What you have to do
Pictures appear among the records below and must be omitted. Repeat exactly the lines from the line with "MiraTray Implant Advanced" to the line with "Post-traumatic knee arthritis", both included.

Task input
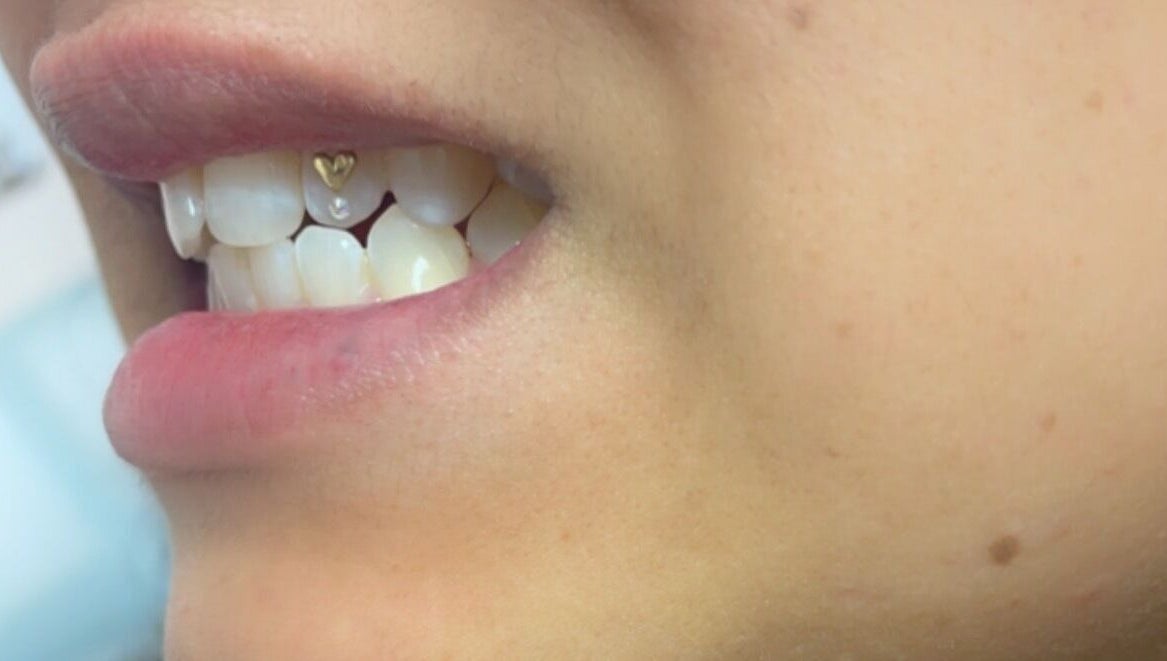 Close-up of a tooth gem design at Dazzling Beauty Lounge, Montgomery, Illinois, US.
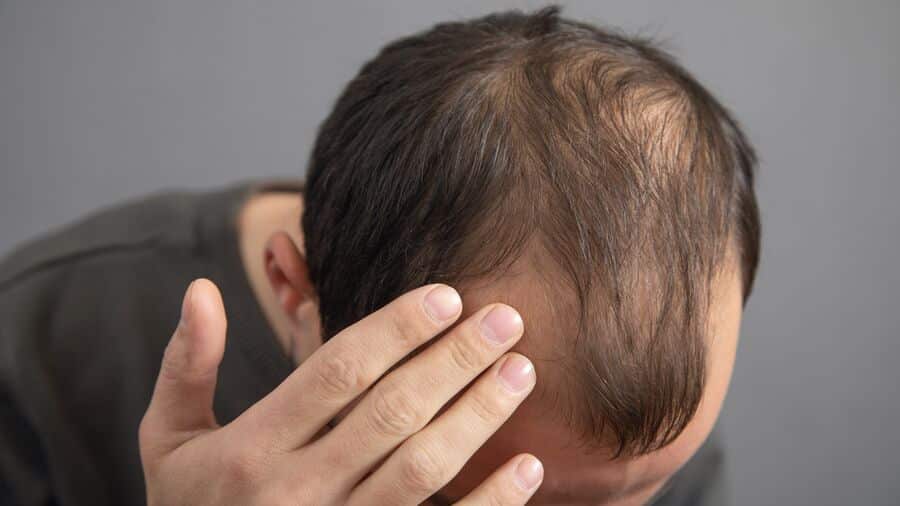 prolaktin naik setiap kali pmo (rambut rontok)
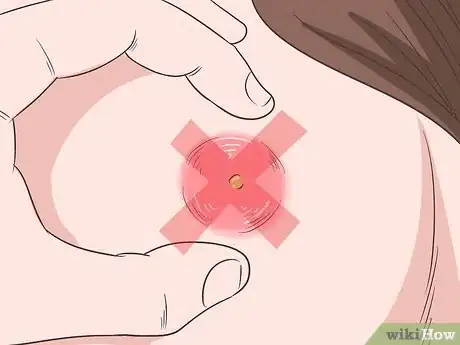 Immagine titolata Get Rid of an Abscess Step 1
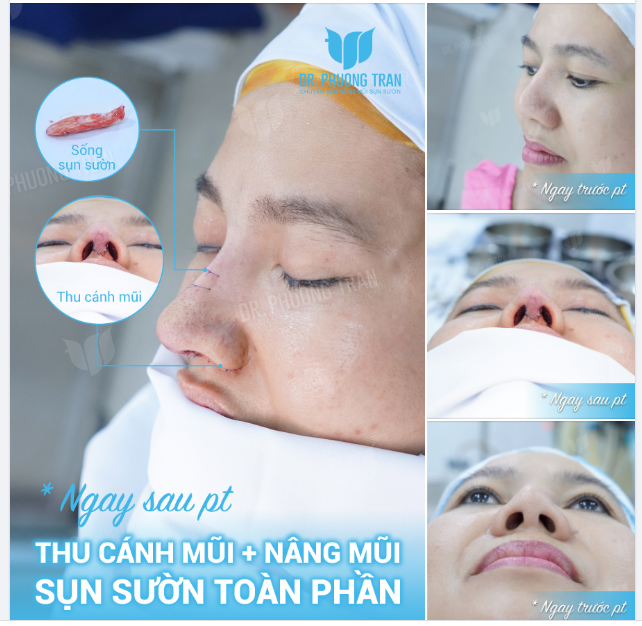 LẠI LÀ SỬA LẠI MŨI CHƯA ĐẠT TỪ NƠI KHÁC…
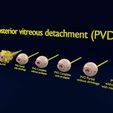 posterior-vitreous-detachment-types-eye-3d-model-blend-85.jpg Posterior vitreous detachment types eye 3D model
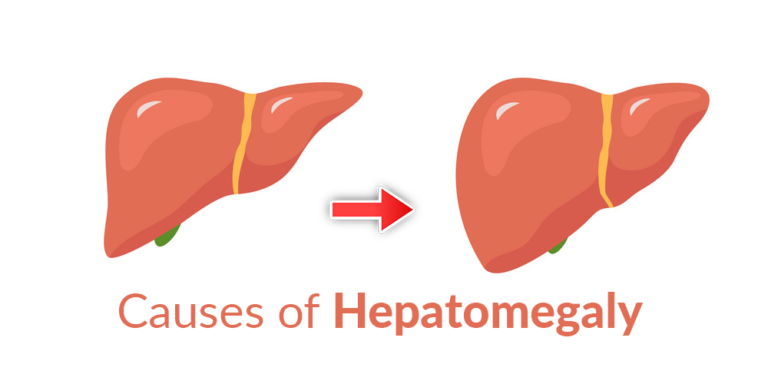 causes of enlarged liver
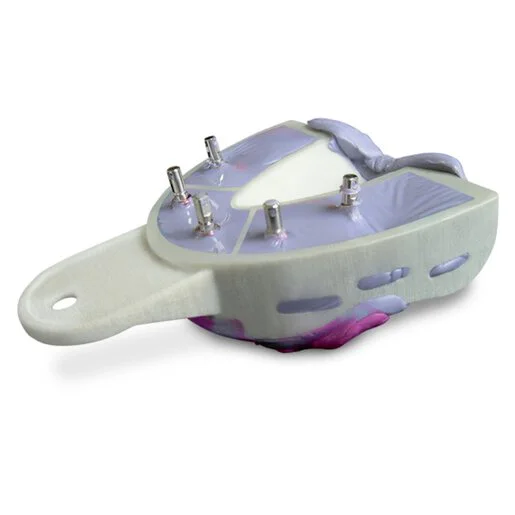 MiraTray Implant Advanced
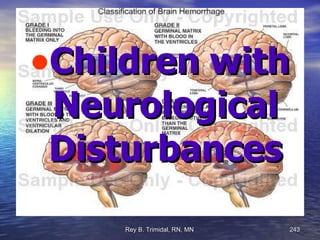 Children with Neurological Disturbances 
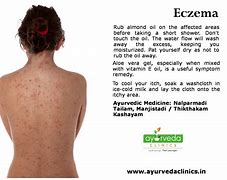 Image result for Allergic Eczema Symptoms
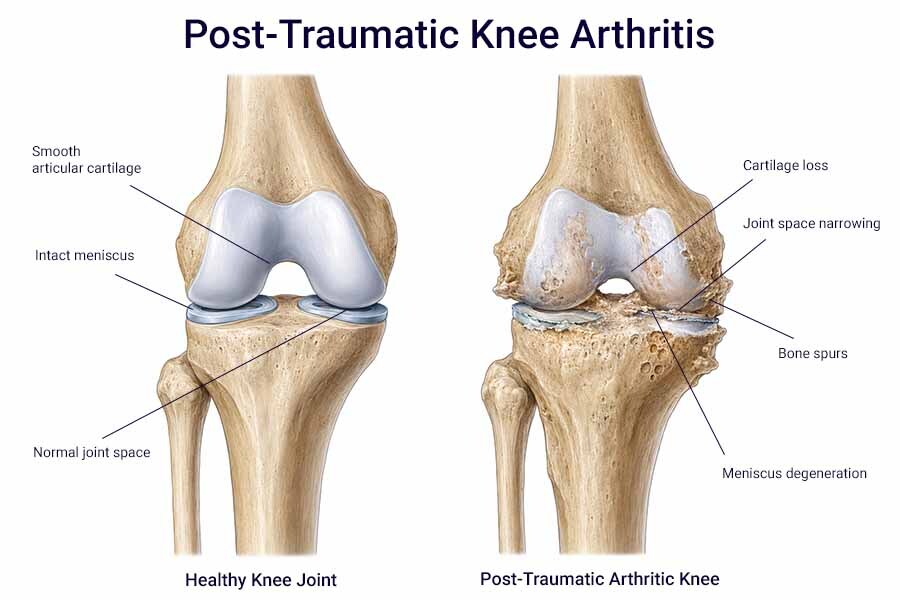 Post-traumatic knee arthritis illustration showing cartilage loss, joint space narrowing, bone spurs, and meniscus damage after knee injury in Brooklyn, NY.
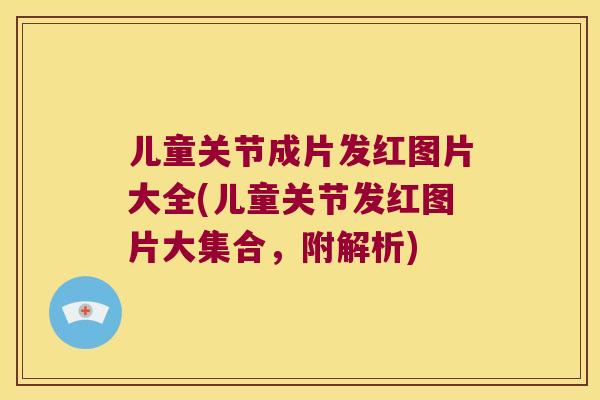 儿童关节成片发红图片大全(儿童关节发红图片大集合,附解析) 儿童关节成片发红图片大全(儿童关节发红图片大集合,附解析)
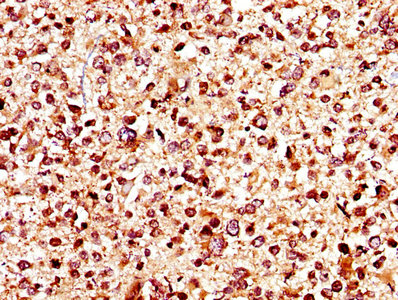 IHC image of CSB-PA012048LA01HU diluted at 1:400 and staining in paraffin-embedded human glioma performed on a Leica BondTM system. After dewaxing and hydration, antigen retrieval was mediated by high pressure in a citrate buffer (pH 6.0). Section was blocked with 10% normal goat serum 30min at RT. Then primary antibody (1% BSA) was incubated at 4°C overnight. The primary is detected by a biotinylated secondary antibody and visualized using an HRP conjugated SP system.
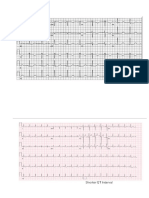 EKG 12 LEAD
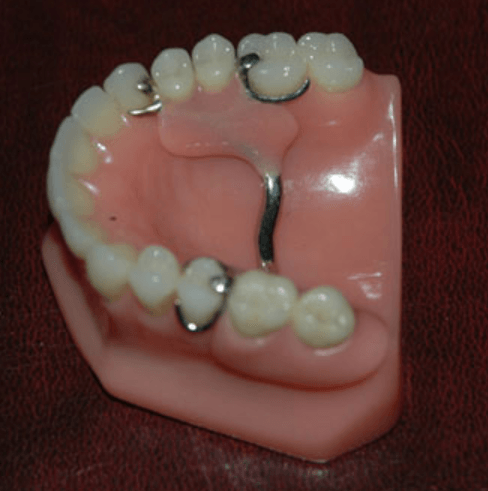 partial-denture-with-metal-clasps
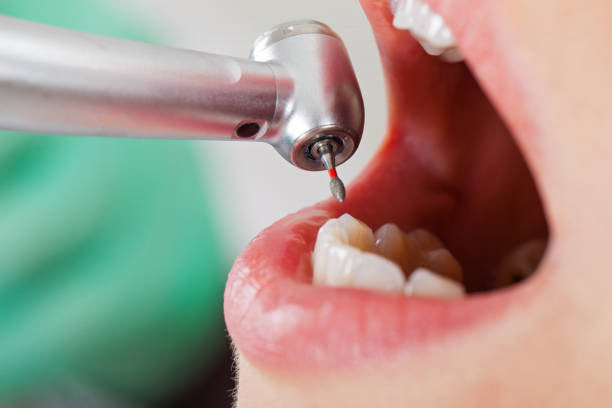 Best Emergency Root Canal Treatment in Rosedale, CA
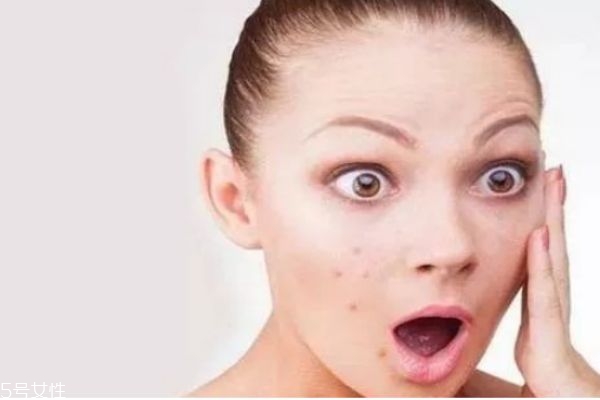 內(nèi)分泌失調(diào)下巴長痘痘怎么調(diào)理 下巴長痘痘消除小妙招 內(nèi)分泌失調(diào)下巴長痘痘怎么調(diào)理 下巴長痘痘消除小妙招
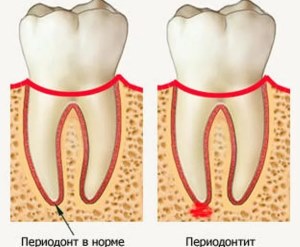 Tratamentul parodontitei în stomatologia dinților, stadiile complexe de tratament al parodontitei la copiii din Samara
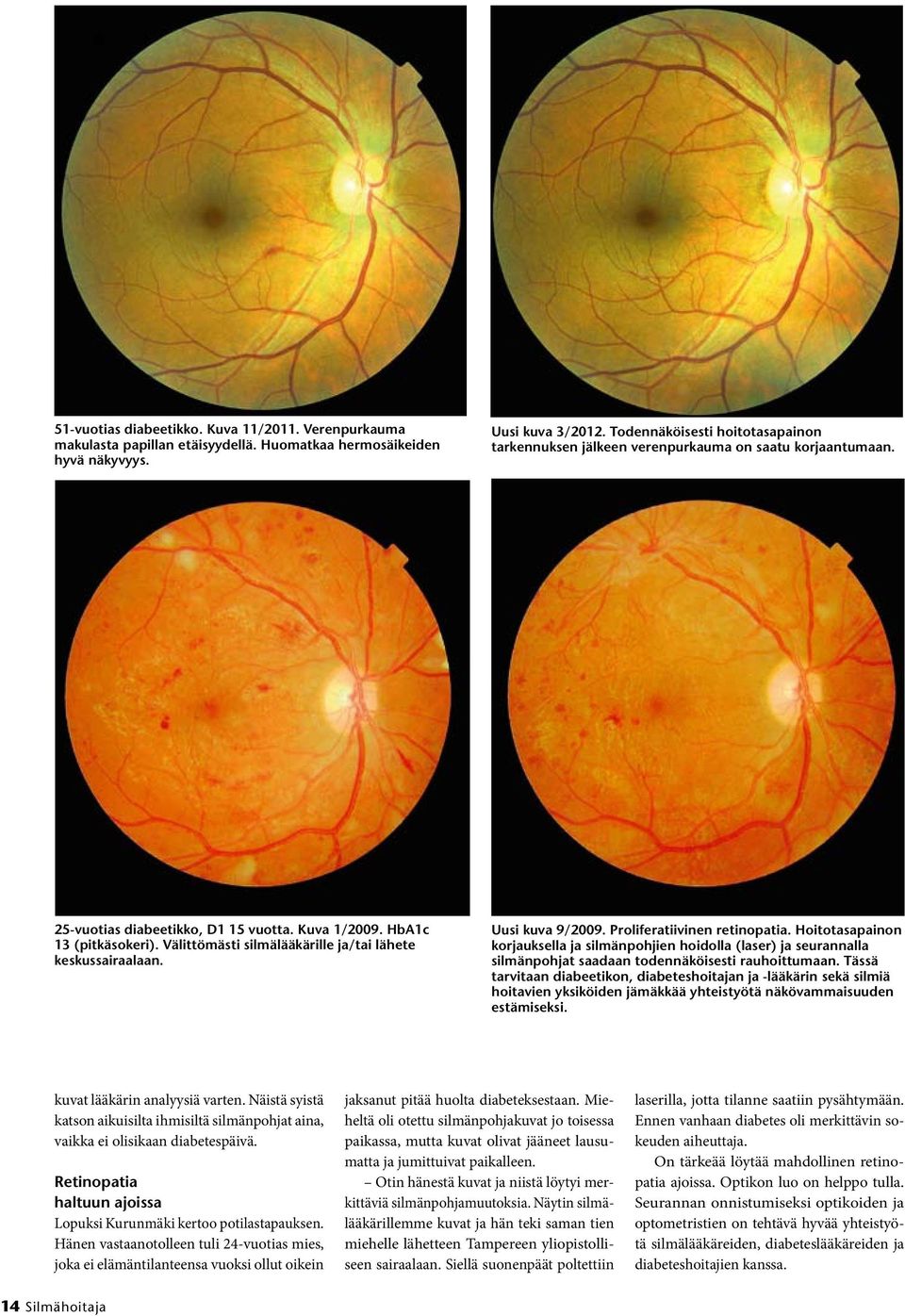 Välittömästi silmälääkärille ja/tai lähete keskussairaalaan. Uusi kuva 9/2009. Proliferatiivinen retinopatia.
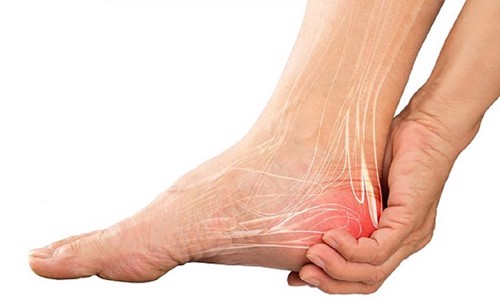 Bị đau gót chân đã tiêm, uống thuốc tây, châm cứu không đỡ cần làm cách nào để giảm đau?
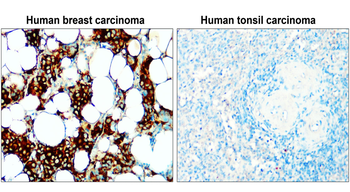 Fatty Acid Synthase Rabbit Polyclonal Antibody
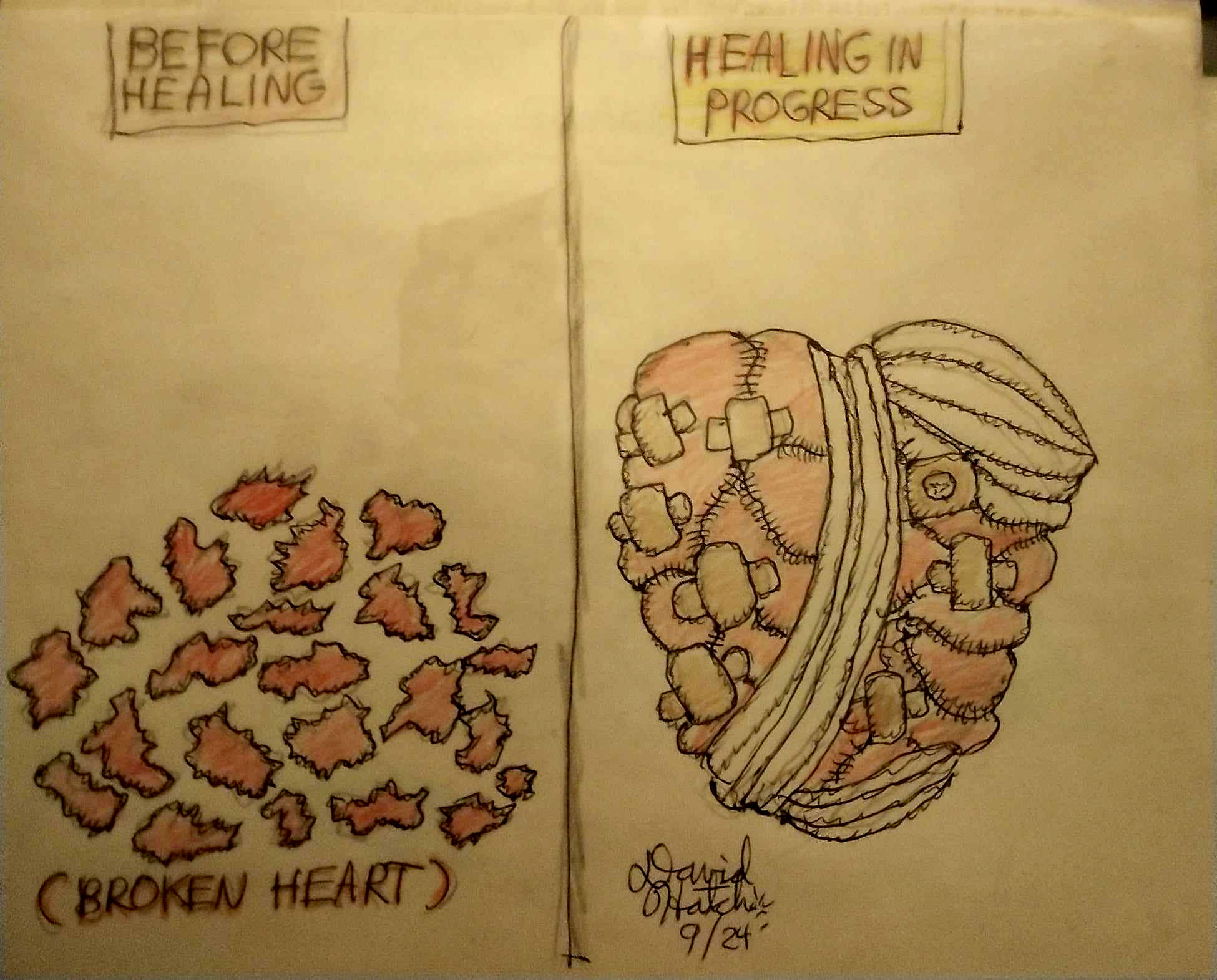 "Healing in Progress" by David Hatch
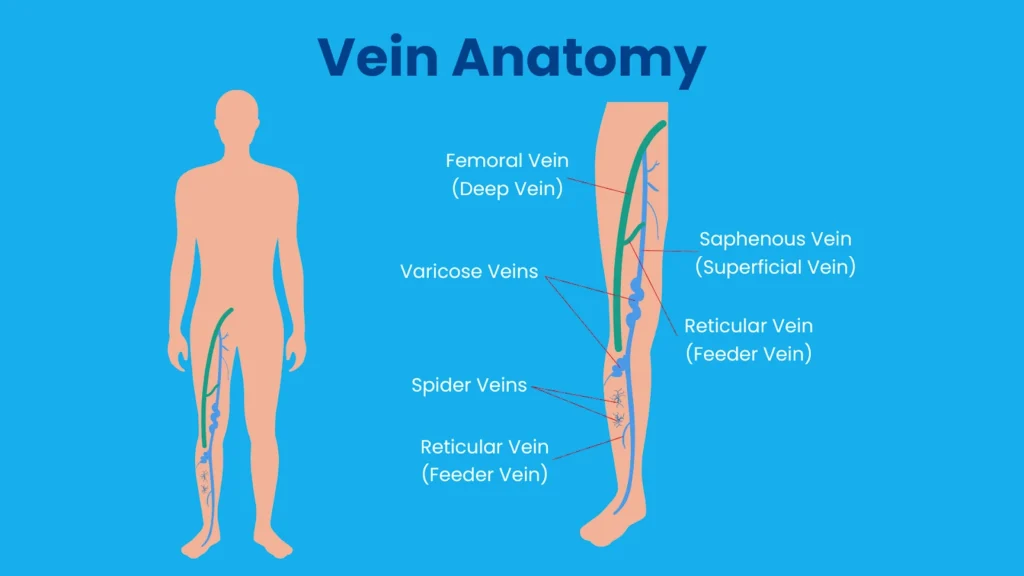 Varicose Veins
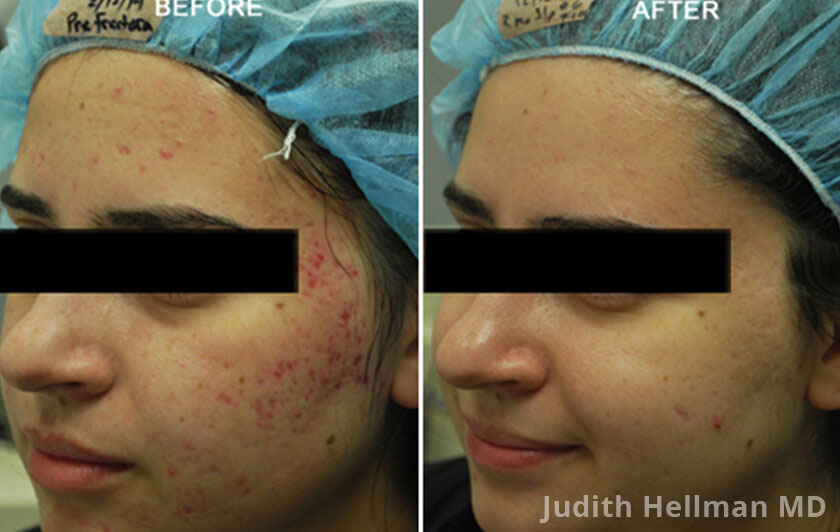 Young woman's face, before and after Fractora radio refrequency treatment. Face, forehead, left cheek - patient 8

Solution for this exercise
 MiraTray Implant Advanced
 Children with Neurological Disturbances 
 Image result for Allergic Eczema Symptoms
 Post-traumatic knee arthritis illustration showing cartilage loss, joint space narrowing, bone spurs, and meniscus damage after knee injury in Brooklyn, NY.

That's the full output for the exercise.